Stored data:
■ ■ ■ ■

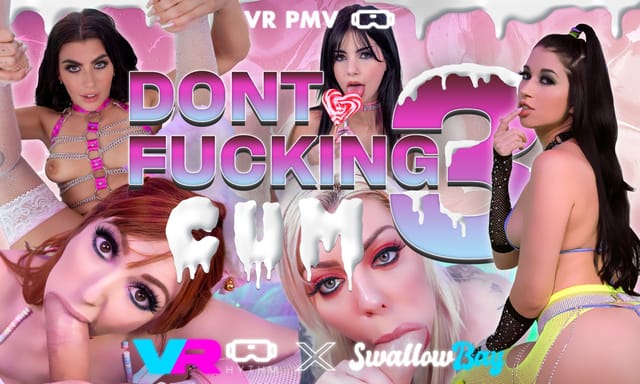 VR compilation video featuring a 180 degree 4K 60 FPS PMV sequence with no model listed in a premium studio production
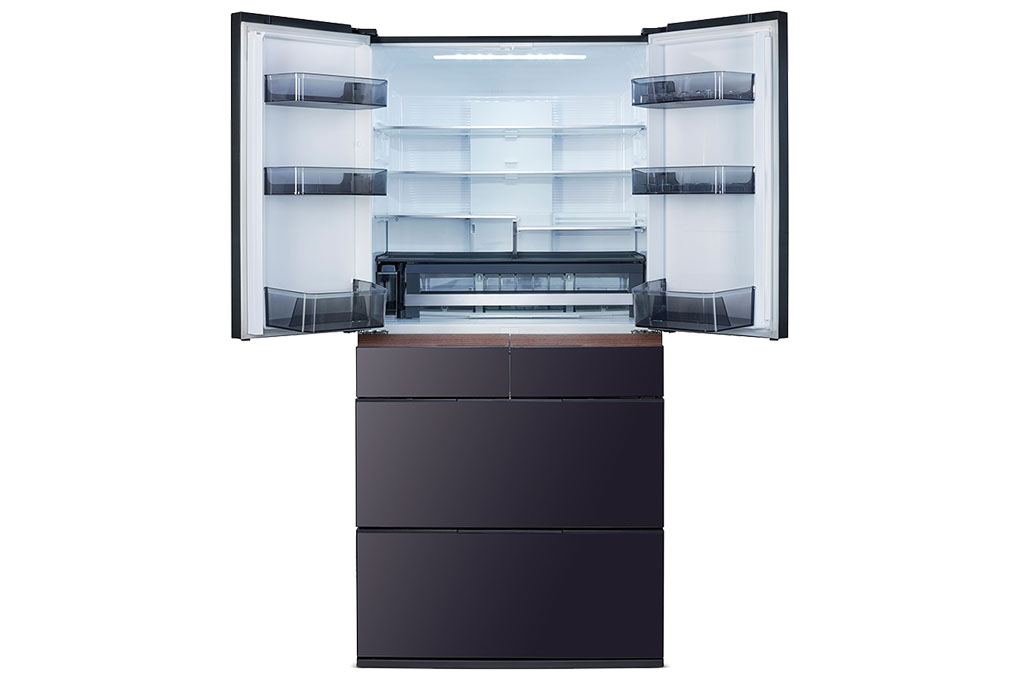 Tủ lạnh Hitachi Inverter 670 lít R GW670TV(XM) Tủ lạnh Hitachi Inverter 670 lít R GW670TV(XM)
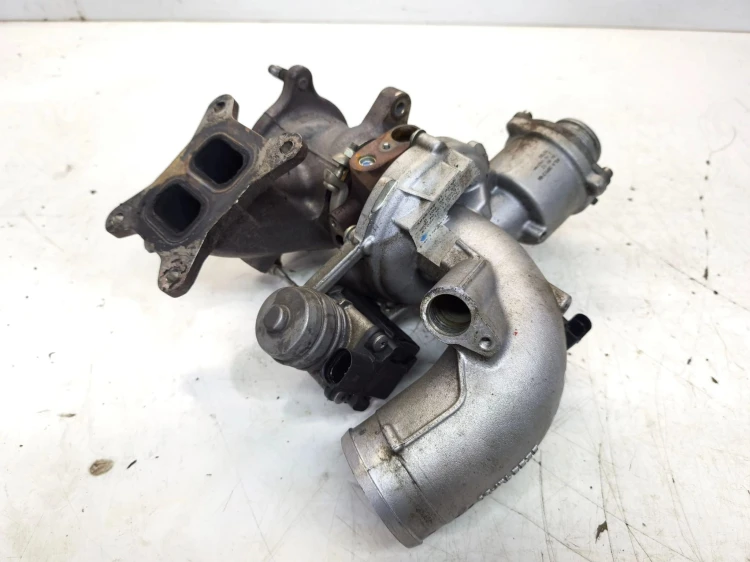 TURBOSPRĘŻARKA TURBINA TURBO AUDI A4 B8 A5 8T LIFT 1.8 TFSI CJE 06L145701G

■ ■ ■ ■

The expected output is the full material above, unaltered, with pictures removed.

 VR compilation video featuring a 180 degree 4K 60 FPS PMV sequence with no model listed in a premium studio production
 Tủ lạnh Hitachi Inverter 670 lít R GW670TV(XM) Tủ lạnh Hitachi Inverter 670 lít R GW670TV(XM)
 TURBOSPRĘŻARKA TURBINA TURBO AUDI A4 B8 A5 8T LIFT 1.8 TFSI CJE 06L145701G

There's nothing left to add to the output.